Stored items

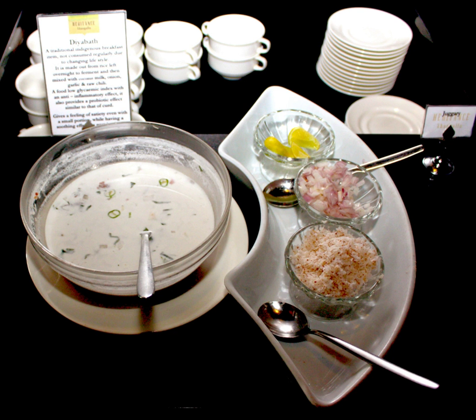Diabath is a traditional Sri Lankan indigenous breakfast item, a cold soup, not consumed regularly due to changing lifestyle. It is made from rice left overnight to ferment and then mixed with coconut milk, onion, garlic, and raw chili. With a low glycemic index and an anti-inflammatory effect, it also provides a probiotic effect similar to that of curd.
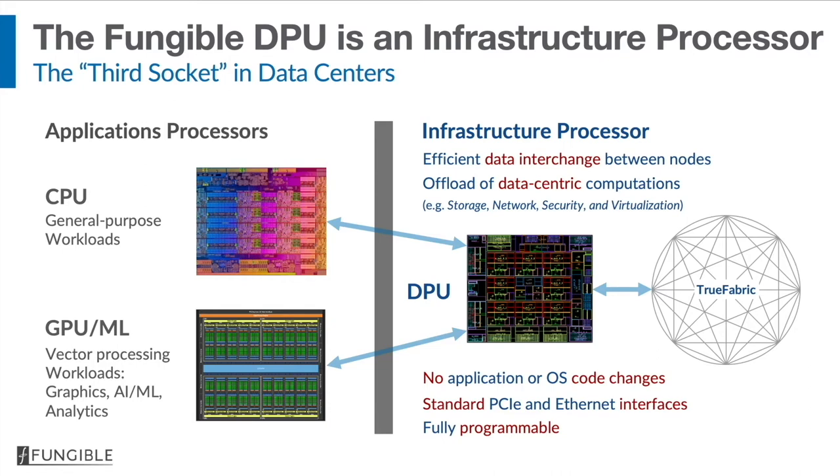The Fungible DPU solves both of these problems and provides fundamental improvements to agility, security, and reliability. A good way to look at the Fungible DPU is that it is an infrastructure processor — the third socket. There are two types of application processors already in data centers: the CPU and the GPU. These run applications but don't perform infrastructure workloads efficiently. Examples of infrastructure workloads are the network stack, the security stack, the storage stack, and the virtualization stack. The Fungible DPU is designed to do just those, perhaps 10 to 20 times more efficiently than CPUs or GPUs.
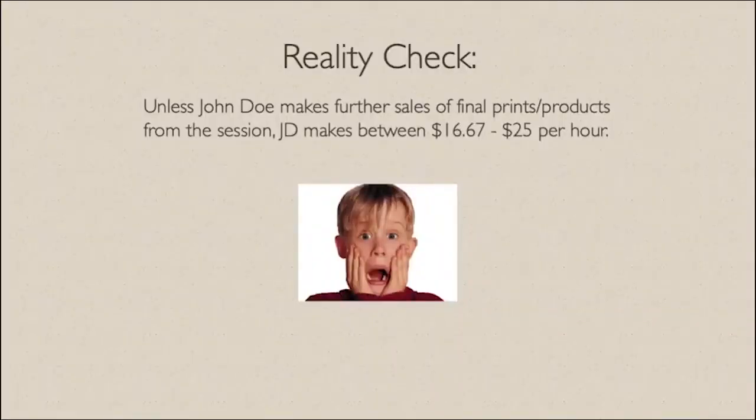If we assume that it takes eight to twelve hours for him to do a session from start to finish, he's not making $200 an hour. He's actually making between $16.67 and $25 per hour. That feels a little different than $200.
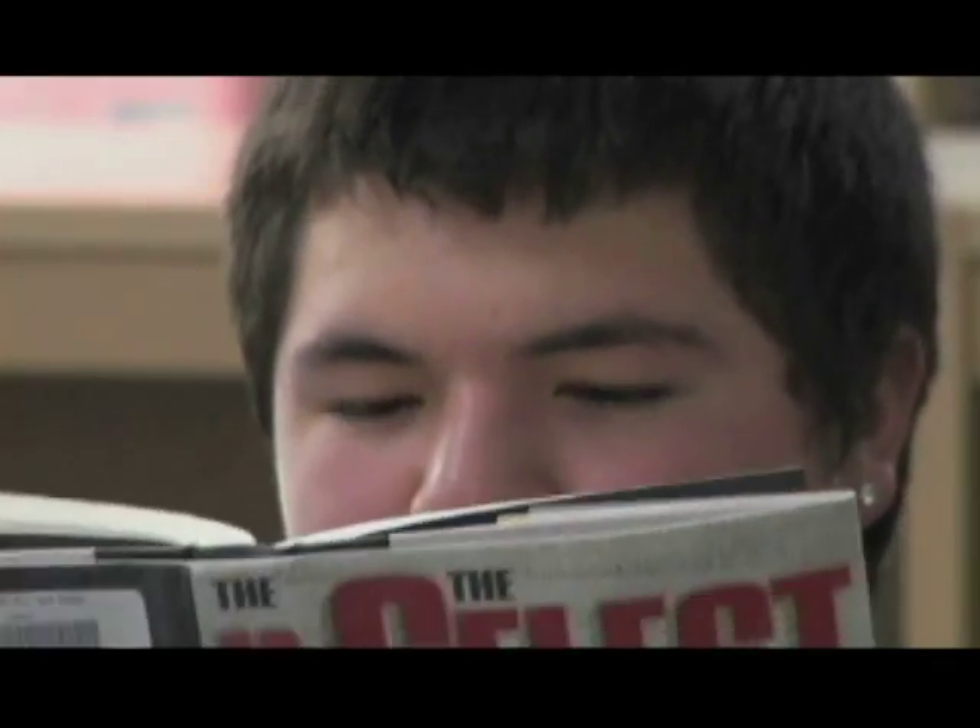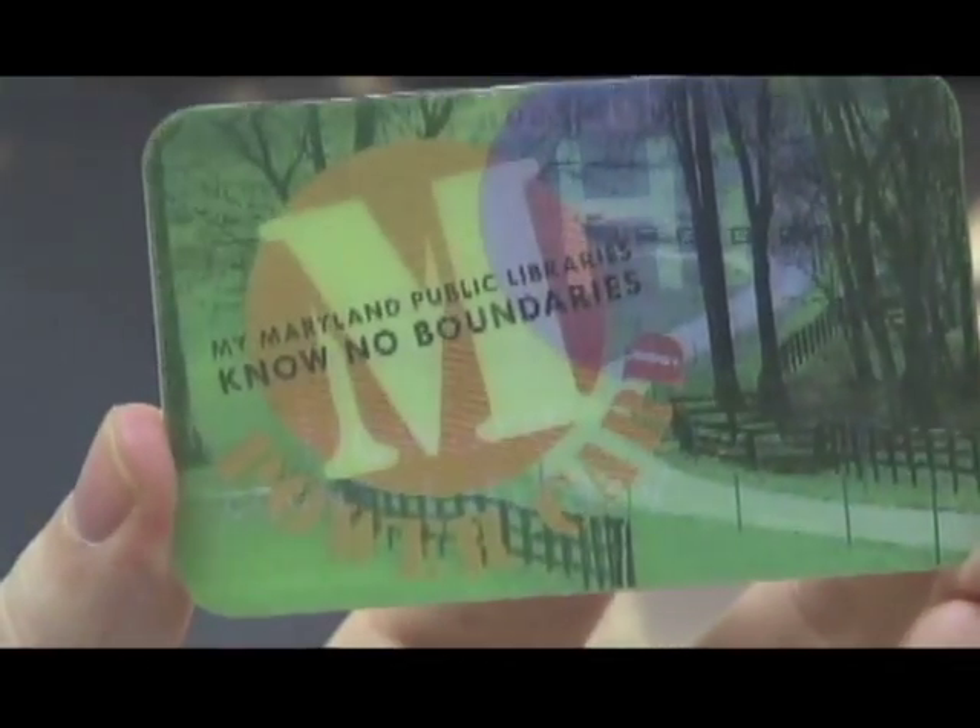Not to mention, I can sign out any of the great books from this year's summer reading list from any library in the state of Maryland. I really need my Empower card.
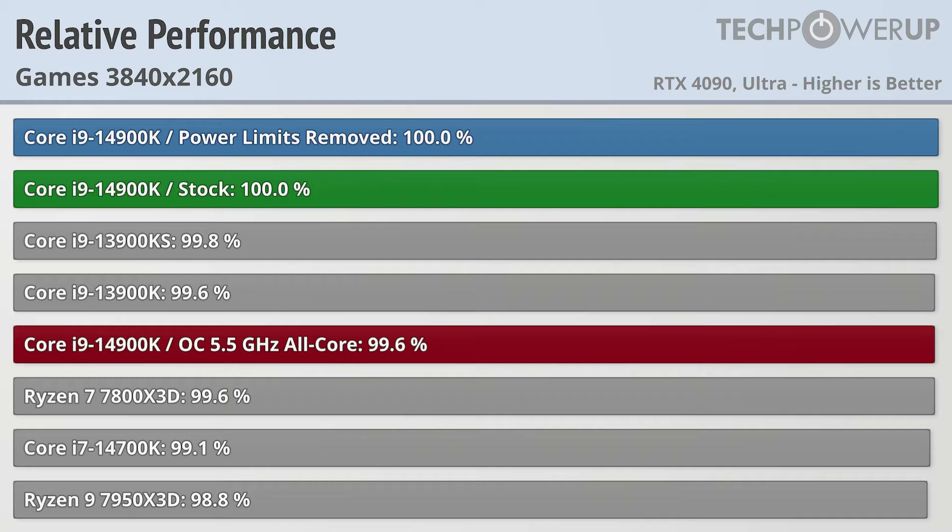Starting off with the 4K results — this is more just a reminder that if you are planning on gaming at 4K, your graphics card is going to matter a lot more than your processor. The seven fastest CPUs are all within 1% of each other, and this is with an RTX 4090. We can see the outgoing Core i9-13900K is just about as fast as the new Core i9-14900K, and the overclocked Core i9-13900K S is basically tied.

HOW TO COMPLETE THIS TASK: Would you please retype all the data exactly? Leave out whatever pictures it holds.

TASK OUTPUT:
Diabath is a traditional Sri Lankan indigenous breakfast item, a cold soup, not consumed regularly due to changing lifestyle. It is made from rice left overnight to ferment and then mixed with coconut milk, onion, garlic, and raw chili. With a low glycemic index and an anti-inflammatory effect, it also provides a probiotic effect similar to that of curd.
The Fungible DPU solves both of these problems and provides fundamental improvements to agility, security, and reliability. A good way to look at the Fungible DPU is that it is an infrastructure processor — the third socket. There are two types of application processors already in data centers: the CPU and the GPU. These run applications but don't perform infrastructure workloads efficiently. Examples of infrastructure workloads are the network stack, the security stack, the storage stack, and the virtualization stack. The Fungible DPU is designed to do just those, perhaps 10 to 20 times more efficiently than CPUs or GPUs.
If we assume that it takes eight to twelve hours for him to do a session from start to finish, he's not making $200 an hour. He's actually making between $16.67 and $25 per hour. That feels a little different than $200.
Not to mention, I can sign out any of the great books from this year's summer reading list from any library in the state of Maryland. I really need my Empower card.
Starting off with the 4K results — this is more just a reminder that if you are planning on gaming at 4K, your graphics card is going to matter a lot more than your processor. The seven fastest CPUs are all within 1% of each other, and this is with an RTX 4090. We can see the outgoing Core i9-13900K is just about as fast as the new Core i9-14900K, and the overclocked Core i9-13900K S is basically tied.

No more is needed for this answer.